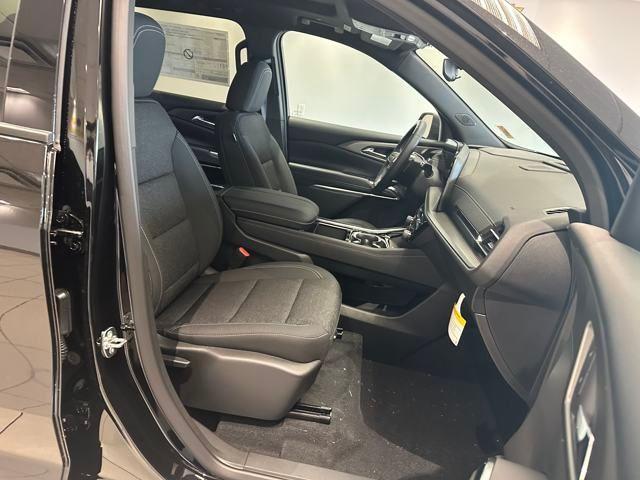 new 2025 Chevrolet Traverse car, priced at $50,965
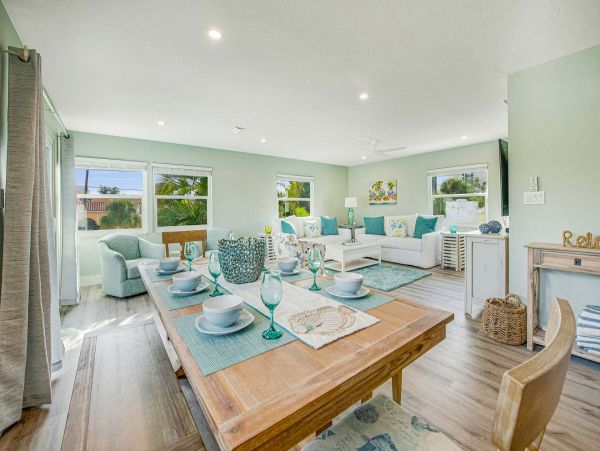 Two Bedroom Siesta Key Vacation Condo Sleeps 8 Guests
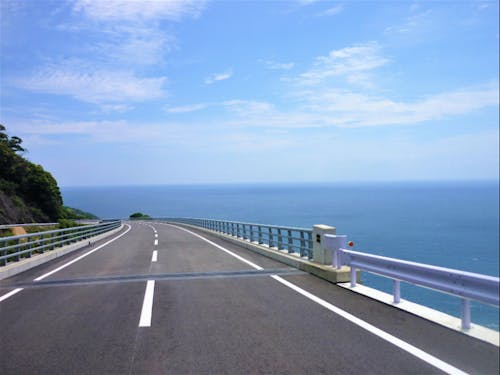 海に吸い込まれるR448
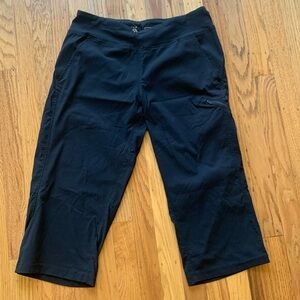 Mountain Hardwear Dynama capris - LIKE NEW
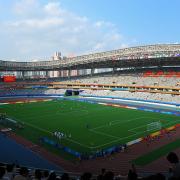 Quelle est la capacité de ce stade (Shanghai Stadium CHINE) ?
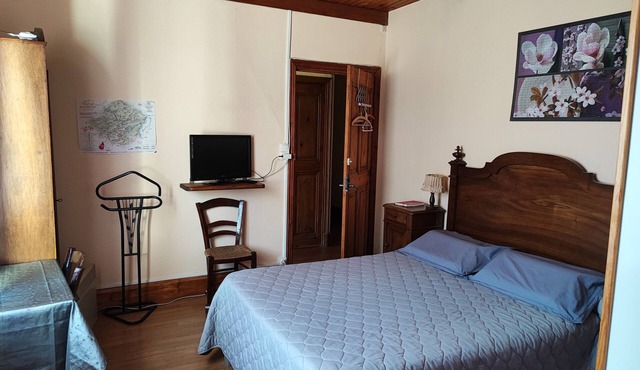 Holiday Home 'Coté Rue' with Shared Terrace, Shared Garden and Wi-Fi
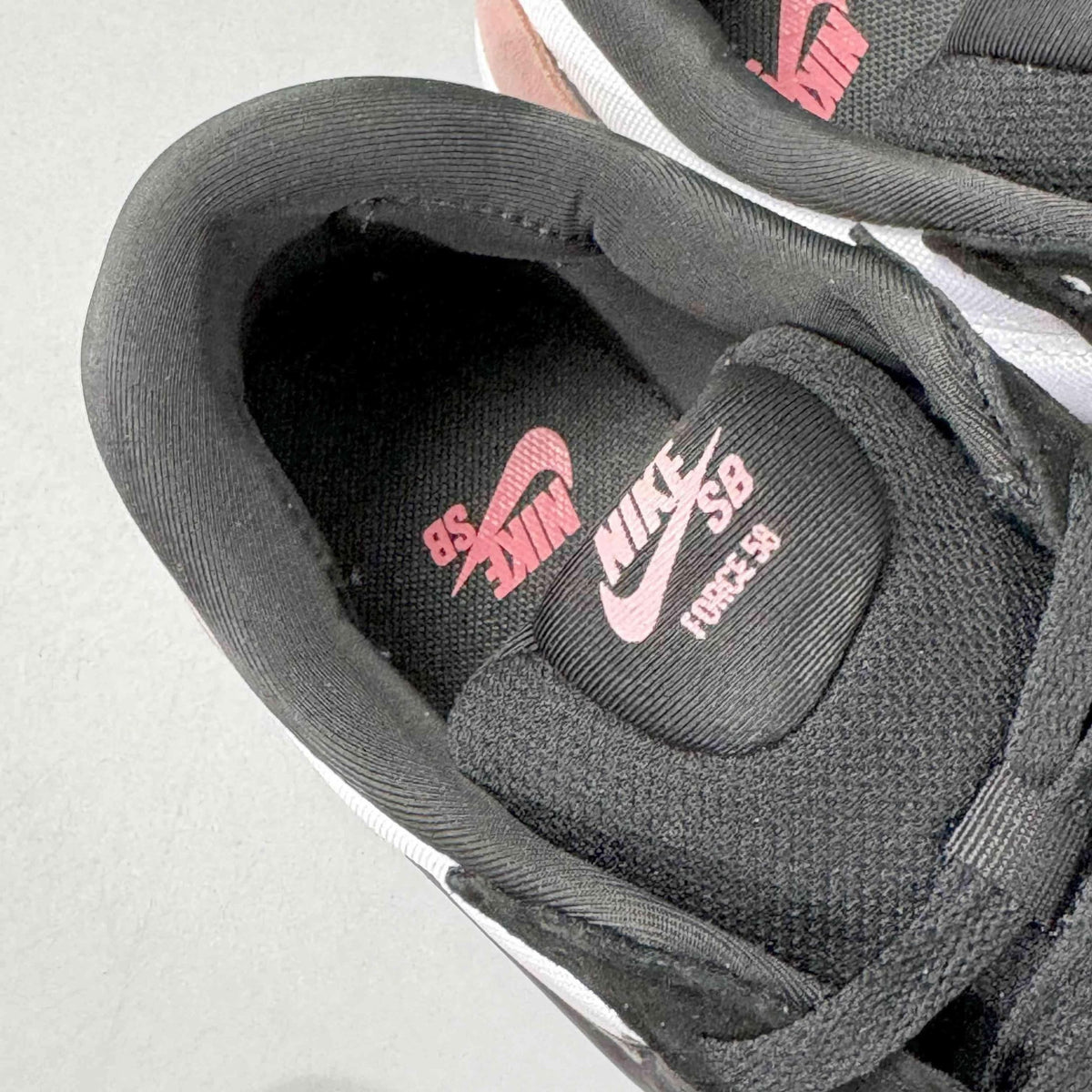 Nike SB Force 58 Pink Salt Black
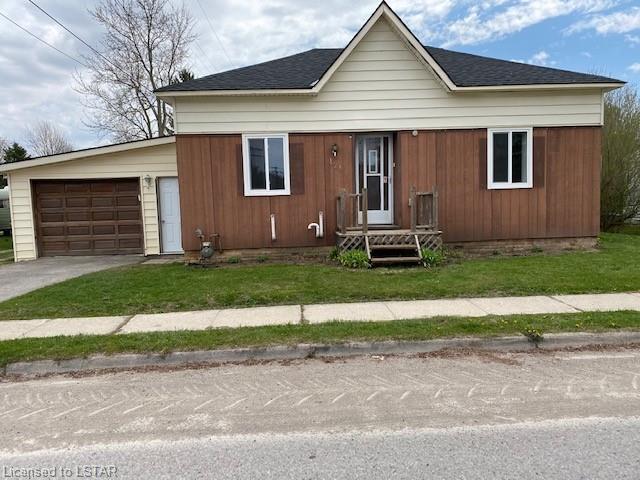 121 ALICE Street, Lucan Ontario, Canada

++++++

* **Aim of the exercise**
Reproduce the records, all of them, word for word; omit the pictures.

* **Solution to the problem**
 new 2025 Chevrolet Traverse car, priced at $50,965
 Two Bedroom Siesta Key Vacation Condo Sleeps 8 Guests
 海に吸い込まれるR448
 Mountain Hardwear Dynama capris - LIKE NEW
 Quelle est la capacité de ce stade (Shanghai Stadium CHINE) ?
 Holiday Home 'Coté Rue' with Shared Terrace, Shared Garden and Wi-Fi
 Nike SB Force 58 Pink Salt Black
 121 ALICE Street, Lucan Ontario, Canada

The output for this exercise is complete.